Pictures with short captions
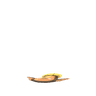 Stunfisk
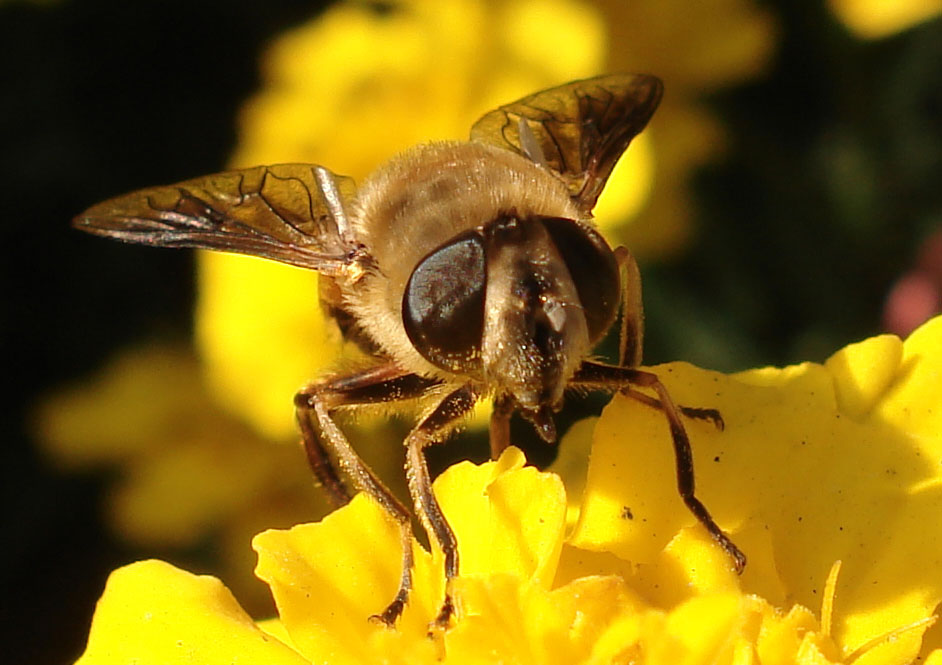 蜜蜂 摄影 charmpp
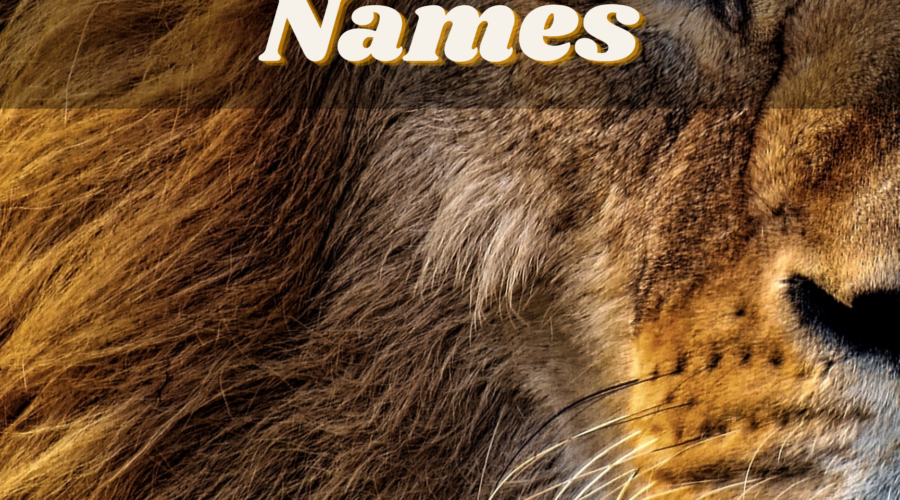 Animal-Inspired Baby Names for Your Wild Thing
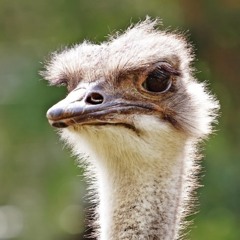 Beyond Ostrich Economics.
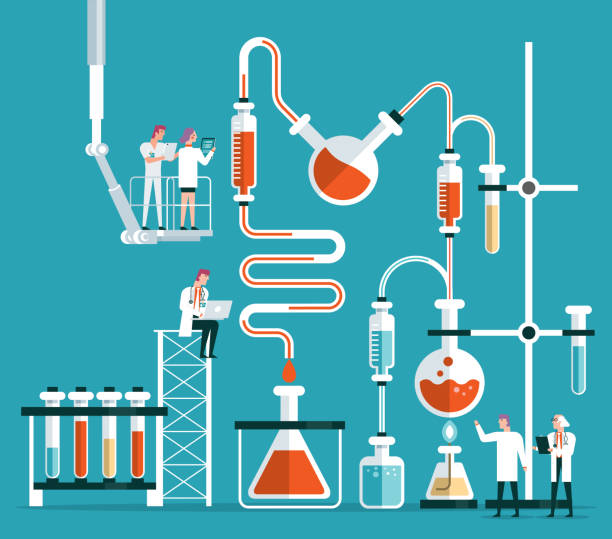 Scientist or chemist team Scientist or chemist team doing a scientific experiment biochemistry stock illustrations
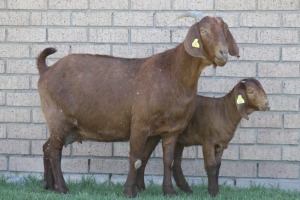 LOT 39 1+1X KALAHARI RED OOI/EWE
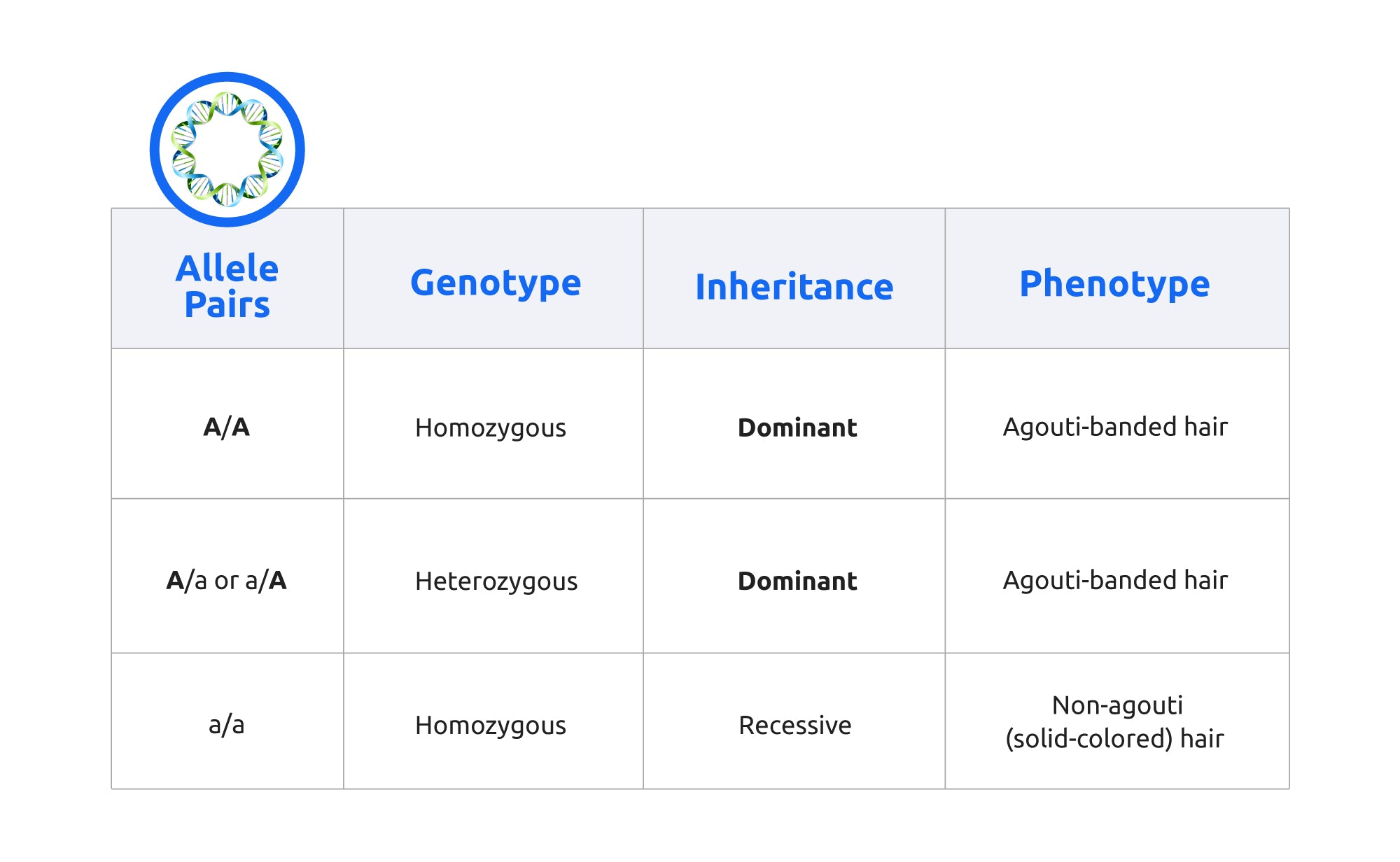 Table 1. Allele pairs, genotypes, and genetic inheritance patterns for agouti and non-agouti banded hair in cat coats.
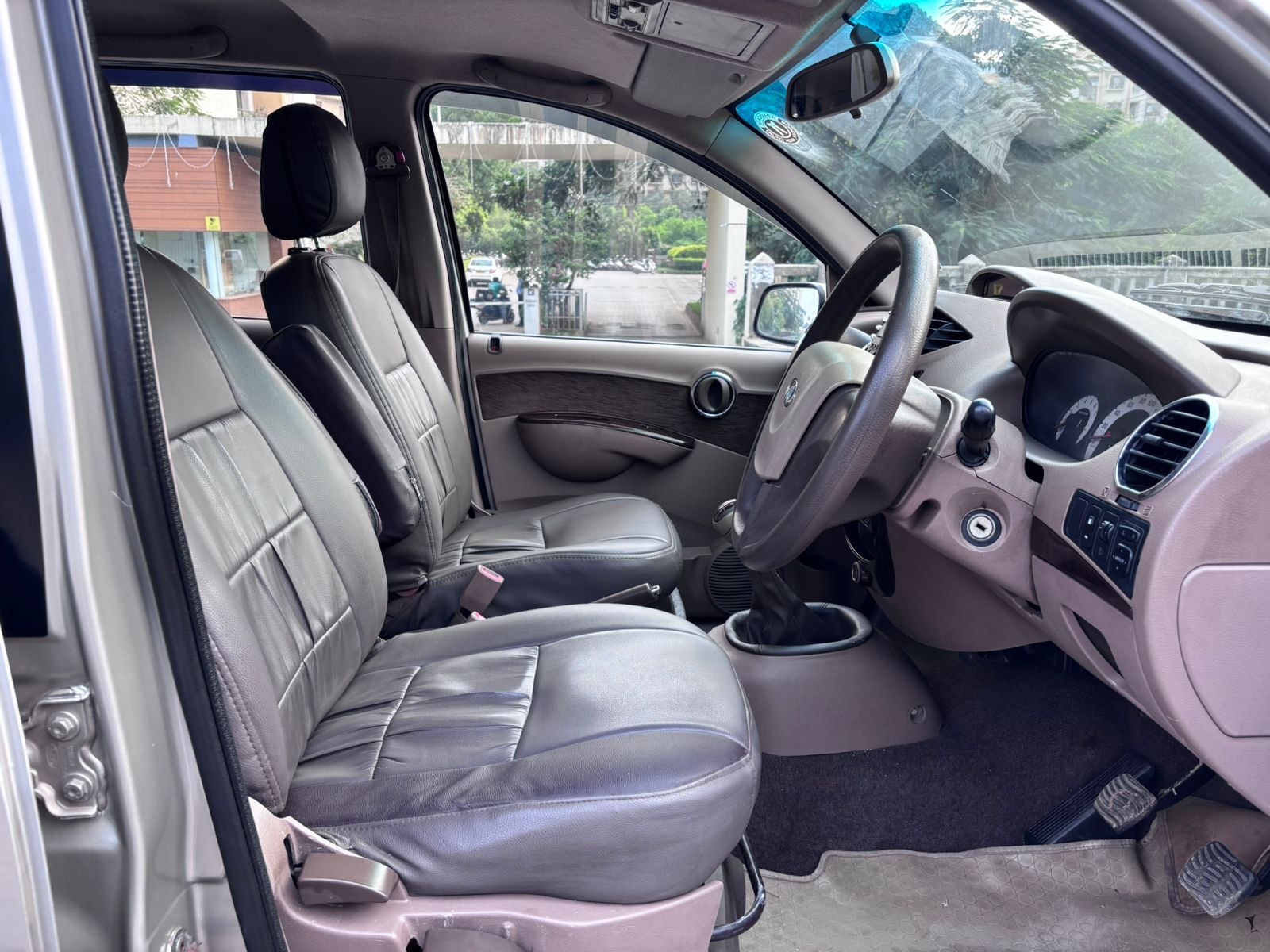 Xylo image 11 Xylo image 11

▶ Requirement
The lines from the top of the data above through the one holding "LOT 39 1+1X KALAHARI RED OOI/EWE" are to be repeated exactly, and only those, with no pictures.

▶ Expected answer
 Stunfisk
 蜜蜂 摄影 charmpp
 Animal-Inspired Baby Names for Your Wild Thing
 Beyond Ostrich Economics.
 Scientist or chemist team Scientist or chemist team doing a scientific experiment biochemistry stock illustrations
 LOT 39 1+1X KALAHARI RED OOI/EWE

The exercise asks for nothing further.